Many people read the opening verses of the gospel of John and focus on the theology of Jesus as being the second Person of the Trinity, the Word become flesh. And this is certainly important. But in verse 14 of that deeply theological prologue, we find what the incarnation was to be about: the second Person of the Trinity came to bring grace and truth.
There are few things more important to grasp.
As Henry Cloud has written, grace is accepting relationship. Truth is what is real; it describes how things really are. Therefore, truth without grace is just judgment, and grace without truth is just deception.
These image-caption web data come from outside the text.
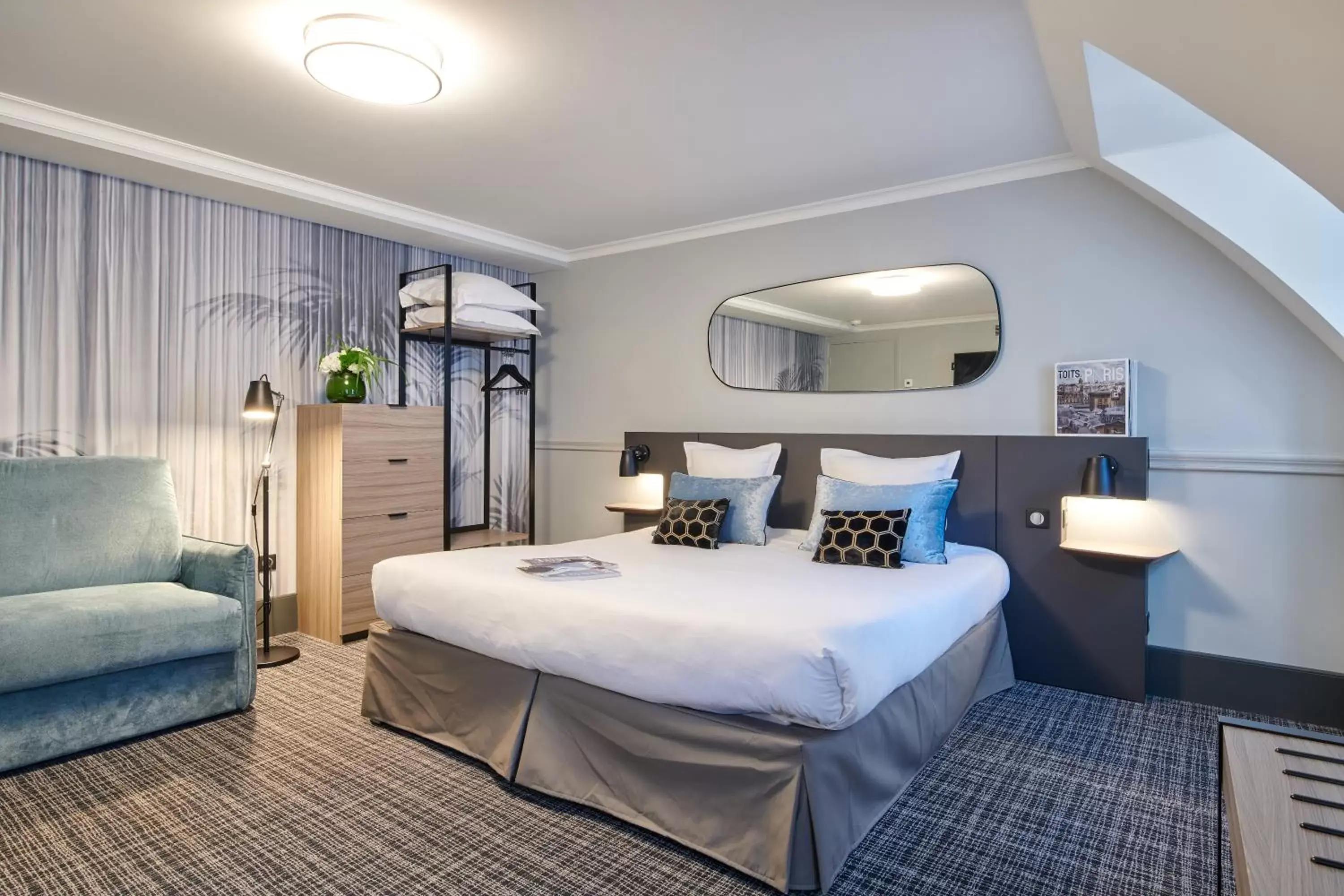 Bedroom, Bed in Hotel Vacances Bleues Provinces Opera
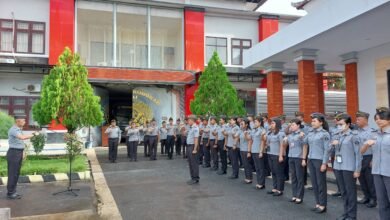 Kepala Lembaga Pemasyarakatan (Kalapas) Kelas IIA Kerobokan, RM. Kristyo Nugroho saat pimpin apel akhir tahun 2024, Senin (30/12/2024). (Dok/ist).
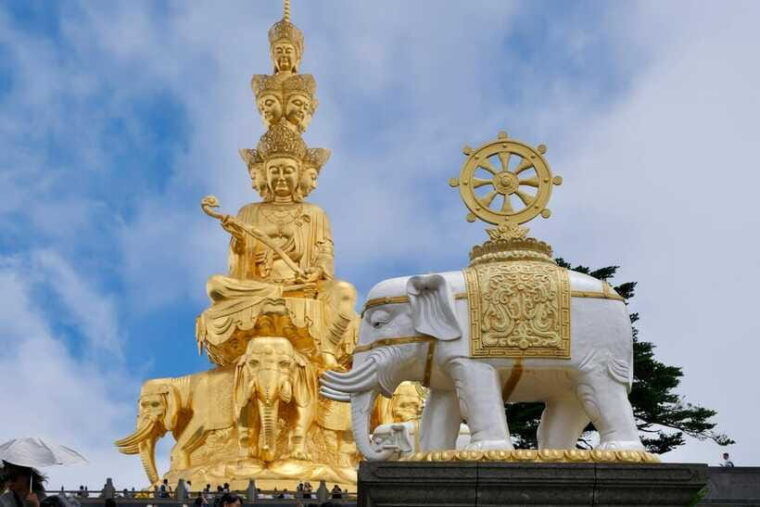 leshan-mount-emei-spiritual-tour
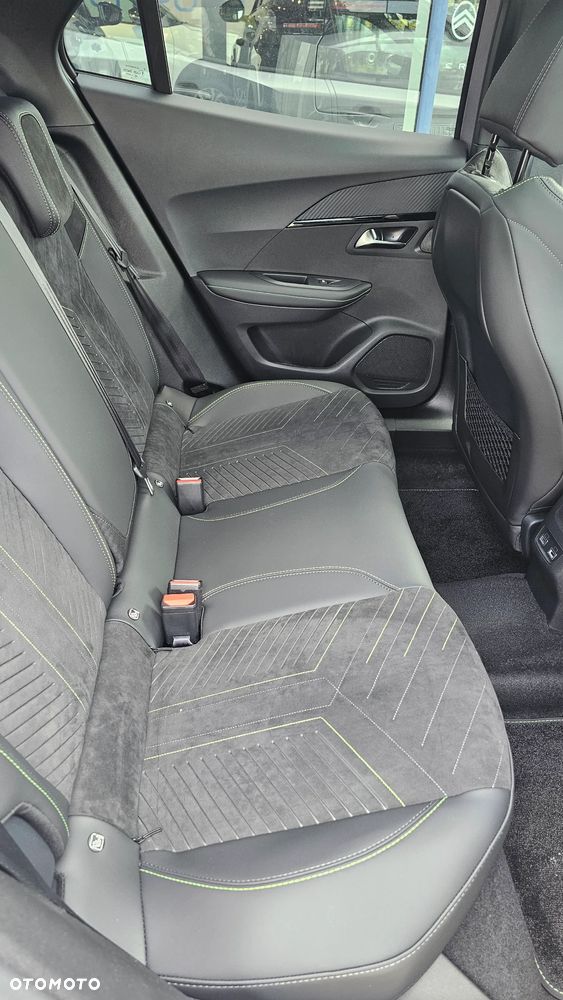 Peugeot 2008 Hybrid 136 e-DSC GT - 6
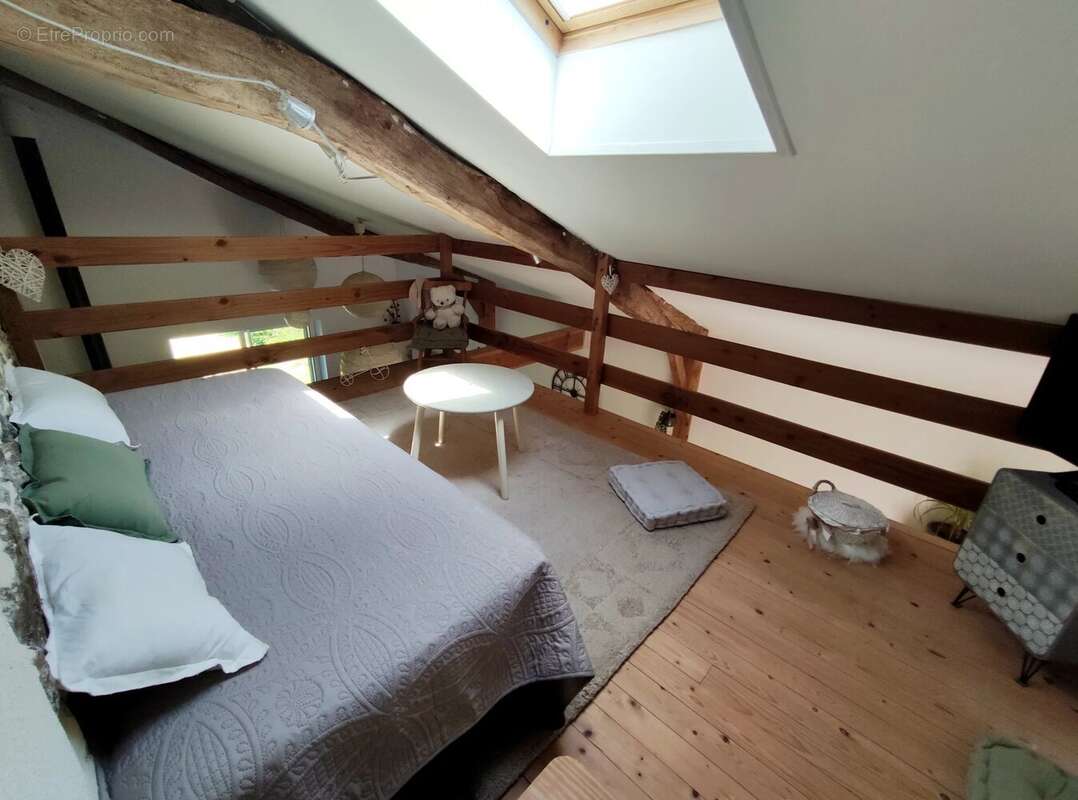 Maison à MONCOUTANT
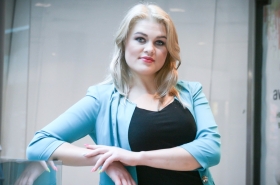 Marina from Kharkov, 29 years, with green eyes, blonde hair, Christian, student. #7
The opening chapter of John's biography foretells how John would relay the life of Jesus. In its pages are story after story, told nowhere else, of Jesus fleshing out that grace and truth. For example, the woman at the well was met with radical acceptance, yet also confronted with her sexual promiscuity. The woman about to be stoned was protected, but then encouraged to leave her life of sin. Grace and truth, grace and truth…
It was this combination that made Jesus so winsome and compelling. It was because truth and grace were inextricably intertwined that Jesus could thunder a prophetic word and then be invited to an evening keg party by the very people he had confronted earlier in the day.
Somehow we've lost this dynamic. We either confront the world with a caustic and even abusive spirit (as in "God hates fags") or we water things down in the hopes of goodwill (as in the embrace of same-sex marriage). Neither will engage a post-Christian world at the point of its deepest need. Again, truth without grace is just condemnation; grace without truth is mere license.
What the world needs is Jesus.
And what Jesus brings is both truth and grace.
"Neither do I condemn you… Go, and sin no more." (John 8:11)
I had a strong reminder of the importance of this early on in my life as a pastor. I was in a series on sexual issues and the final installment was on homosexuality. It was the first time I had ever spoken on the matter to our (then) very young and relatively small church. But even in those days, we had a significant percentage of spiritual explorers in our midst, and I knew of several from the LGTBQ community in attendance.
I prayed and prepped, then prayed some more. I so wanted to extend radical grace and an uncompromised vision of God's dream for human sexuality.
I gave the talk, and after the service was over I noticed a woman waiting to speak with me. I could tell she was waiting for the crowd to thin out enough to speak with me privately. She had four or five cassettes (yes, it was cassettes back then) of that day's talk in her hand that she had purchased from our fledgling resource center.
When she had me to herself, she smiled and said, "Well, I am one of your lesbian fans."
I smiled back and said, "Thanks!"
And then I put my hand on her shoulder and said: "How was today for you? And please, be honest."
She said: "Well, I had a pretty good idea what you were going to say. I just didn't know how you were going to say it."
And then she gave me a big hug and simply said, "Thank you."
Then she walked off, tapes in hand to share with others.
That is a moment I will take to my grave as one of the greatest Kingdom victories God has ever allowed me to experience, and it whet my appetite for a lifetime spent pursuing both grace and truth with every fiber of my being.
I don't always pull it off.
But it's worth every hug from a lesbian fan to keep trying.
James Emery White
Henry Cloud, Changes That Heal.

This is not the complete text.